(Beginning of Records shown)

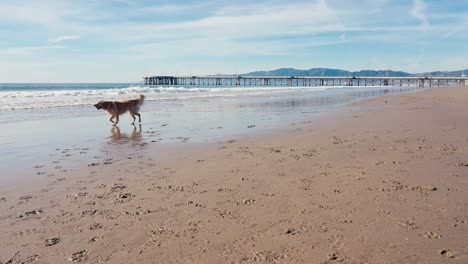 Zeitlupe-Eines-Hundes,-Der-Am-Sandstrand-Neben-Dem-Pier-Vor-Dem-Meer-Läuft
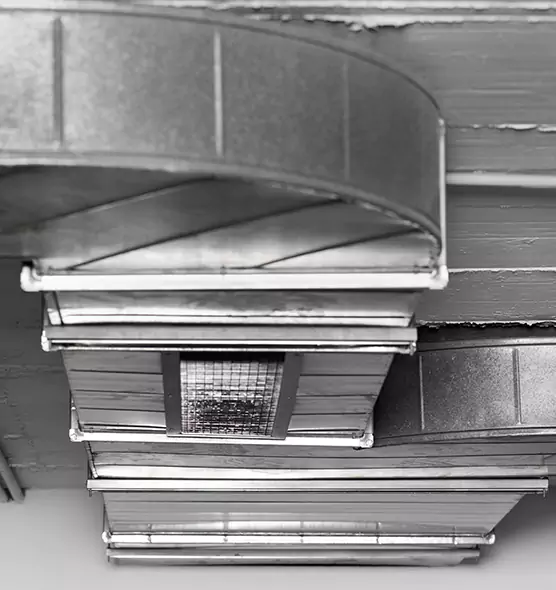 Professional Air Duct Pet Hair Removal in Burlington, KY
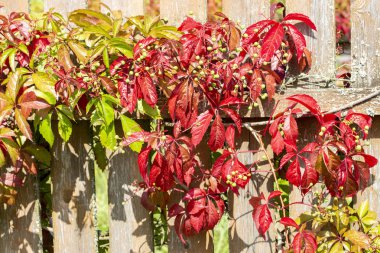 Ahşap bir çitte yabani üzümler. Güzel kırmızı yeşil yaprakları asma dekorasyon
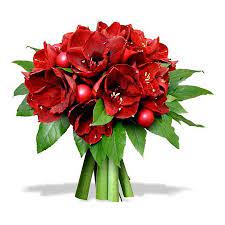 Christmas Amaryllis Amaryllis Bouquet Amaryllis Bulb Flowers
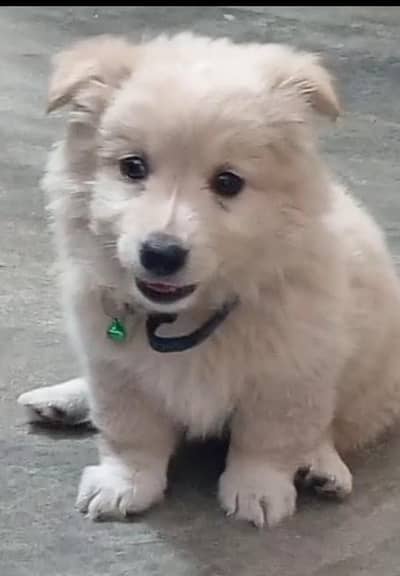 Pure Russian Male Puppy – 1 Month Old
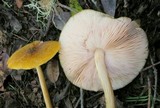 Pluteus leoninus image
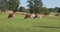 Brown milk cows grazing on green grass at farm grassland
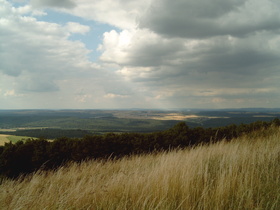 Köterberg, Gipfel: Blick nach Nordwesten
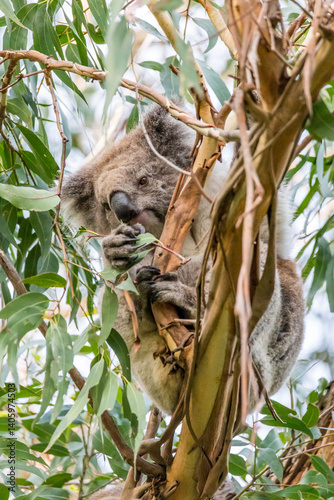 Photography A koala sits comfortably in a eucalyptus tree, enjoying a snack in the lush surroundings of Cape Otway National Park, Victoria, Australia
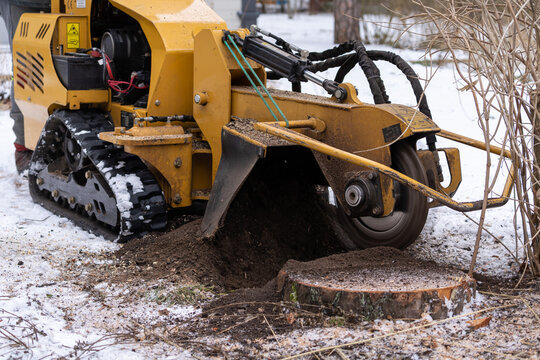 Tree Stump Removing Process With Yellow Stump Grinder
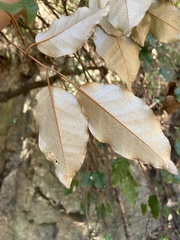 Elaeagnus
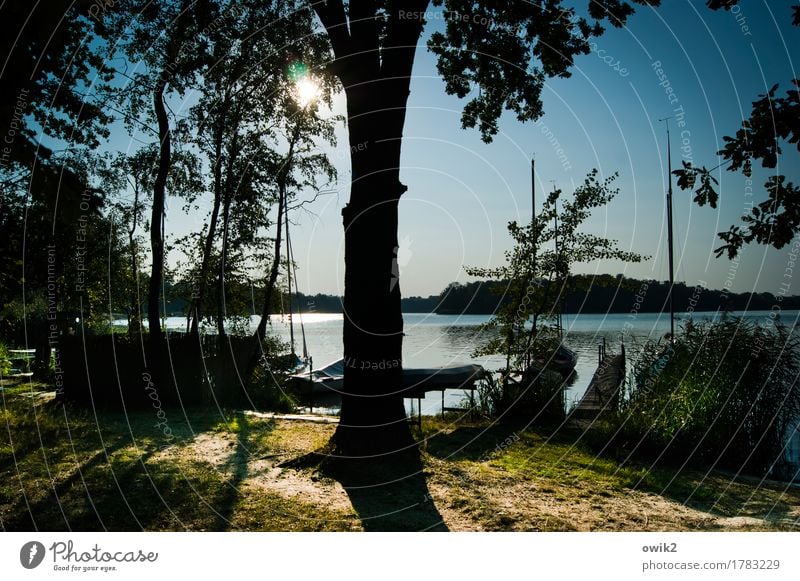 Stegreif Umwelt Natur Landschaft Pflanze Wasser Wolkenloser Himmel Horizont Sommer Klima Schönes Wetter Baum Sträucher Baumstamm Wald Seeufer Olba Lausitz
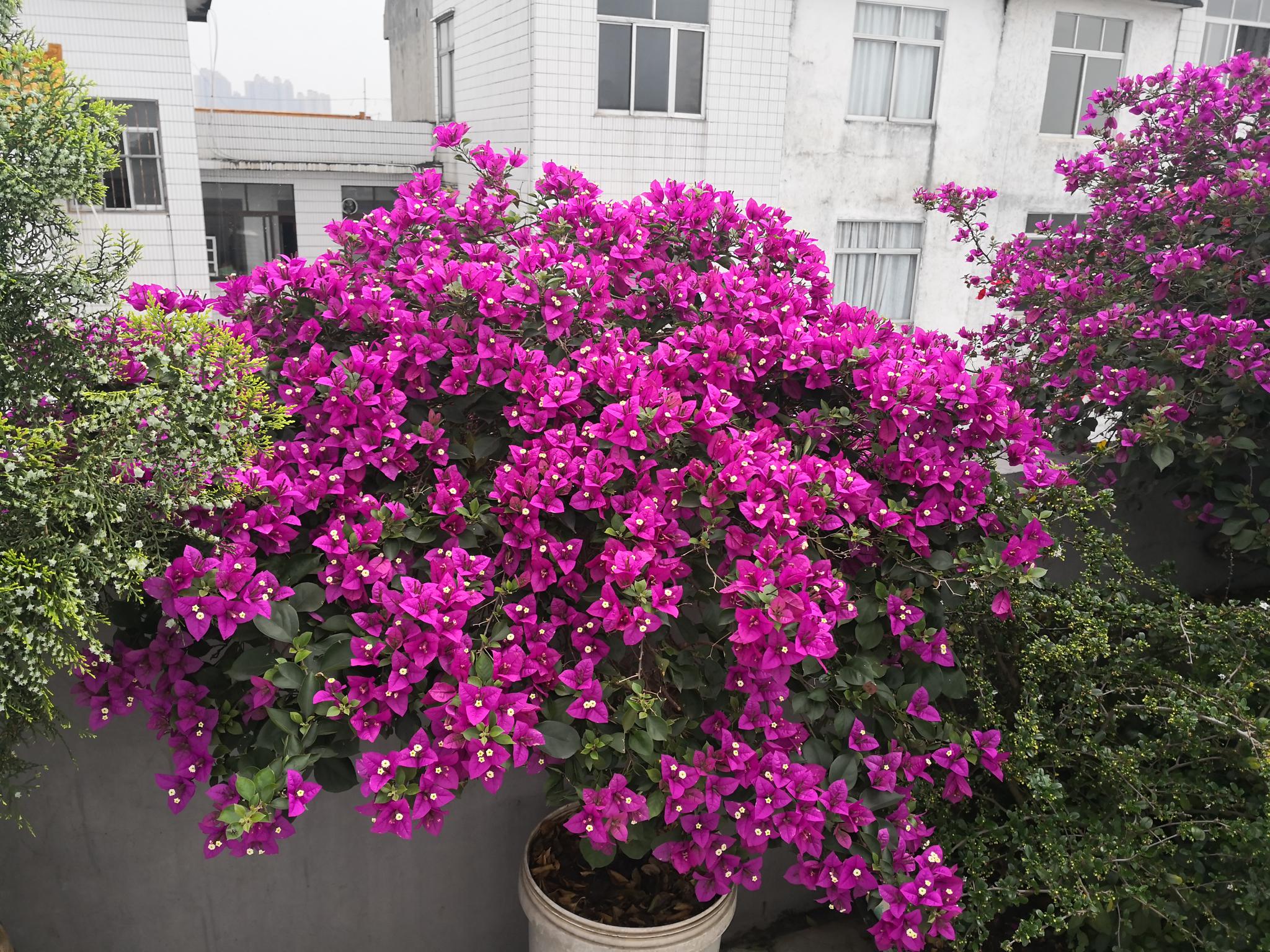 这种花学名为"光叶子花",也叫簕杜鹃,三角梅等,紫茉莉科叶子花属藤状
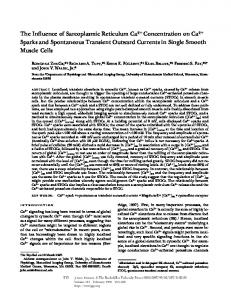 The Influence of Sarcoplasmic Reticulum Ca2 ... - BioMedSearch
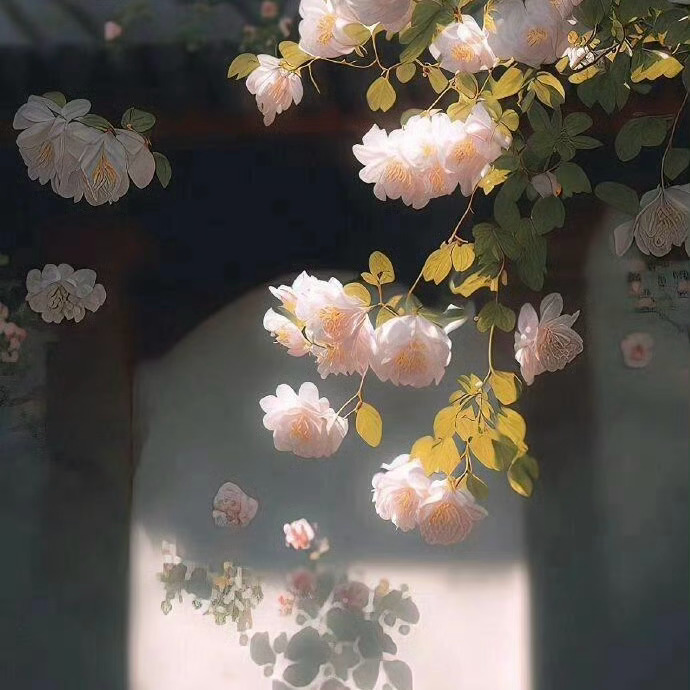 𝐩𝐞𝐚𝐜𝐞 ⑉ ☺︎°🌸🌿“该来的总会来，急也没用； 不该来的求也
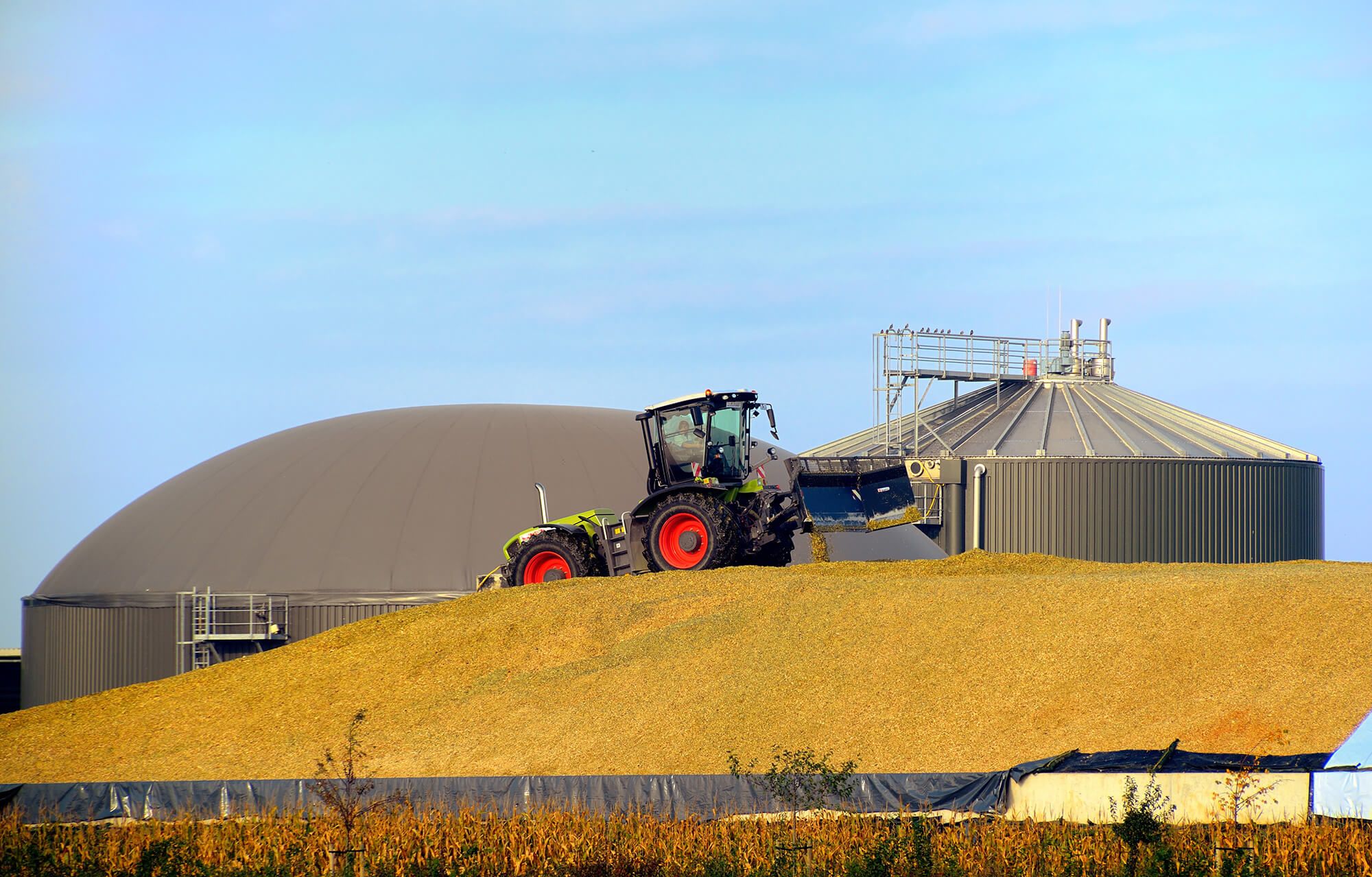 Maissilage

(End of Records shown)

Task details
Could you set down every record above word for word, leaving out the pictures?

Task result
 Zeitlupe-Eines-Hundes,-Der-Am-Sandstrand-Neben-Dem-Pier-Vor-Dem-Meer-Läuft
 Professional Air Duct Pet Hair Removal in Burlington, KY
 Ahşap bir çitte yabani üzümler. Güzel kırmızı yeşil yaprakları asma dekorasyon
 Christmas Amaryllis Amaryllis Bouquet Amaryllis Bulb Flowers
 Pure Russian Male Puppy – 1 Month Old
 Pluteus leoninus image
 Brown milk cows grazing on green grass at farm grassland
 Köterberg, Gipfel: Blick nach Nordwesten
 Photography A koala sits comfortably in a eucalyptus tree, enjoying a snack in the lush surroundings of Cape Otway National Park, Victoria, Australia
 Tree Stump Removing Process With Yellow Stump Grinder
 Elaeagnus
 Stegreif Umwelt Natur Landschaft Pflanze Wasser Wolkenloser Himmel Horizont Sommer Klima Schönes Wetter Baum Sträucher Baumstamm Wald Seeufer Olba Lausitz
 这种花学名为"光叶子花",也叫簕杜鹃,三角梅等,紫茉莉科叶子花属藤状
 The Influence of Sarcoplasmic Reticulum Ca2 ... - BioMedSearch
 𝐩𝐞𝐚𝐜𝐞 ⑉ ☺︎°🌸🌿“该来的总会来，急也没用； 不该来的求也
 Maissilage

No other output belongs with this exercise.